The Ombudsman’s role and powers
- The Local Government Act 1974 sets out our powers but also imposes restrictions on what we can investigate.
- We cannot investigate a complaint if someone has appealed to a tribunal about the same matter. We also cannot investigate a complaint if in doing so we would overlap with the role of a tribunal to decide something which has been or could have been referred to it to resolve using its own powers. (Local Government Act 1974, section 26(6)(a), as amended)
- The First-tier Tribunal (Special Educational Needs and Disability) considers appeals against council decisions regarding special educational needs. We refer to it as the SEND Tribunal in this decision statement.
How I considered this complaint
- I considered information provided by the complainant and the Council.
- I considered the Ombudsman’s Assessment Code.
My assessment
- Mrs X’s son has special educational needs and an Education Health and Care (EHC) Plan. She complains that the Council has failed to secure him a place at a specialist school which can meet his needs.
- Mrs X’s son was attending a mainstream school. She says he was permanently excluded from the school, and that the part time alternative provision put in place for him is insufficient.
- Mrs X has requested a specialist placement for her son and complains that the Council has not named an appropriate placement in his EHC Plan. She has used her right to appeal to the SEND Tribunal.

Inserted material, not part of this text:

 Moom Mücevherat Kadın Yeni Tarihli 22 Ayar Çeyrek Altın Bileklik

- Although Mrs X claims her son was permanently excluded from his mainstream school, the correspondence she has provided shows that he remained on roll at the point at which she complained to the Ombudsman in April 2024. It further shows that the school is named on the EHC Plan.
- Whether the current school is appropriate for Mrs X’s son is not a matter for the Ombudsman. The fact that it is named on the EHC Plan gave Mrs X the right to appeal to the SEND Tribunal and she has used that right. By law, this places the matter outside the Ombudsman’s jurisdiction and we cannot intervene. There is no discretion available to us.

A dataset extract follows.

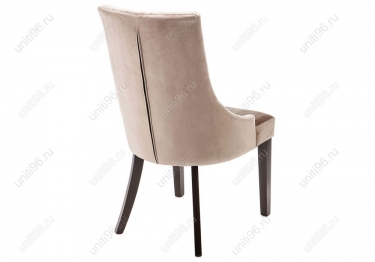 Стул деревянный  Elegance Dark walnut-fabric beige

- The courts have established that if someone has appealed to the Tribunal, the law says we cannot investigate any matter which was part of, was connected to, or could have been part of, the appeal to the tribunal. (R (on application of Milburn) v Local Government and Social Care Ombudsman [2023] EWCA Civ 207
- This means that if a child or young person is not attending school, and we decide the reason for non-attendance is linked to, or is a consequence of, a parent or young person’s disagreement about the special educational provision or the educational placement in the EHC Plan, we cannot investigate a lack of special educational provision, or alternative educational provision. This means we have no power to investigate whether the provision currently available to Mrs X’s son is appropriate.
Final decision
- We cannot investigate Mrs X’s complaint because she has used her right to appeal to the SEND Tribunal.